_TASK DATA_
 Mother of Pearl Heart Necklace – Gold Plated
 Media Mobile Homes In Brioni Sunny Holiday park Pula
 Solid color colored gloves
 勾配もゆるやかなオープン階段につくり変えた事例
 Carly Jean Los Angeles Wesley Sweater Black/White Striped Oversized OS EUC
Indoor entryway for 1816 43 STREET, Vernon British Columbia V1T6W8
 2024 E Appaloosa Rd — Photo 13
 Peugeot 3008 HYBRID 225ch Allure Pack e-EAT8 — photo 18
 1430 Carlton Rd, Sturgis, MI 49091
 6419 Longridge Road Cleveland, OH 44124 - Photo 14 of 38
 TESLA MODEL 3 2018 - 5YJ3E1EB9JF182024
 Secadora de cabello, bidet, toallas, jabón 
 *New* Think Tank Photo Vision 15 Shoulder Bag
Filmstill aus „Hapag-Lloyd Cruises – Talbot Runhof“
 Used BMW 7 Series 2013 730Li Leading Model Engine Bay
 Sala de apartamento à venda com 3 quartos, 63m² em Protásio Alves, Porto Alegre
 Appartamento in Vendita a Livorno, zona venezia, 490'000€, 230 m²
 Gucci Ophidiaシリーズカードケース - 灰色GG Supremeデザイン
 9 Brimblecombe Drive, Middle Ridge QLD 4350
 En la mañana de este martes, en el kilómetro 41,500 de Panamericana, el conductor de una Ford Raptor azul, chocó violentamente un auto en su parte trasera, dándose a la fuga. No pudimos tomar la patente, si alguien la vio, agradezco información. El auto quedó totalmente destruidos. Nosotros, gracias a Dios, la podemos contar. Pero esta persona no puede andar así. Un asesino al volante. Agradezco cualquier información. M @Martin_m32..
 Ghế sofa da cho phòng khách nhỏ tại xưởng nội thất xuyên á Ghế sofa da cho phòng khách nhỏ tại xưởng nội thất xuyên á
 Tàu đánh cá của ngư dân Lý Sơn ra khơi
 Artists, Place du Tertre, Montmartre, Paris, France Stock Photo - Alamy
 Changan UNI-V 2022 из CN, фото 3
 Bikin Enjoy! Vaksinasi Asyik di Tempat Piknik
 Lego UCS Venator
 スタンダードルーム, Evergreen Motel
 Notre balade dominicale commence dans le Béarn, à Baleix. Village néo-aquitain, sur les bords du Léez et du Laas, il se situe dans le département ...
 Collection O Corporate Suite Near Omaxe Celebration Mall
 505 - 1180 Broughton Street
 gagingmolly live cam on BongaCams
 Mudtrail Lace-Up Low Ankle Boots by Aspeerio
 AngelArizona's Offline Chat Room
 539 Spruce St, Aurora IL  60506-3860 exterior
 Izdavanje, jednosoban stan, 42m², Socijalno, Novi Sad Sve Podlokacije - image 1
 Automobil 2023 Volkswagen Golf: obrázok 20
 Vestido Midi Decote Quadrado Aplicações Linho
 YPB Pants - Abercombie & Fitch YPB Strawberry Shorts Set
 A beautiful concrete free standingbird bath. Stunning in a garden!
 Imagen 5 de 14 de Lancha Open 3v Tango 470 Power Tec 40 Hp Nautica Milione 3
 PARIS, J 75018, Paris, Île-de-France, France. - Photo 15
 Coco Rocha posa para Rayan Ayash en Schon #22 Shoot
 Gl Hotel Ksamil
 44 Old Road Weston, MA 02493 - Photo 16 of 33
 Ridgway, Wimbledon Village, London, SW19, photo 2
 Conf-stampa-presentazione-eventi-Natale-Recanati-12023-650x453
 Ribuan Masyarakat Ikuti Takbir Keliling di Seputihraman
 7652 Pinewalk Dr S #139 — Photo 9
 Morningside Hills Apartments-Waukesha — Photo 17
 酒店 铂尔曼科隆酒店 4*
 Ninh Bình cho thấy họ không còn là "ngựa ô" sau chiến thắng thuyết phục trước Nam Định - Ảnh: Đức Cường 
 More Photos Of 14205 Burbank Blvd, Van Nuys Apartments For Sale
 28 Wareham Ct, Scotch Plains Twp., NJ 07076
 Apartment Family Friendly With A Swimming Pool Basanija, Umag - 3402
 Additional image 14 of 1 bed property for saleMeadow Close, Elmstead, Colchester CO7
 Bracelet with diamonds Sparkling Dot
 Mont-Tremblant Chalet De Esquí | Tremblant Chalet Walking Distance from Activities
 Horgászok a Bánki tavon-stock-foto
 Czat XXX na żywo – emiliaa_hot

_TASK INSTRUCTIONS_
Look through the records and gather every line containing "Paris".

_EXERCISE SOLUTION_
 Artists, Place du Tertre, Montmartre, Paris, France Stock Photo - Alamy
 PARIS, J 75018, Paris, Île-de-France, France. - Photo 15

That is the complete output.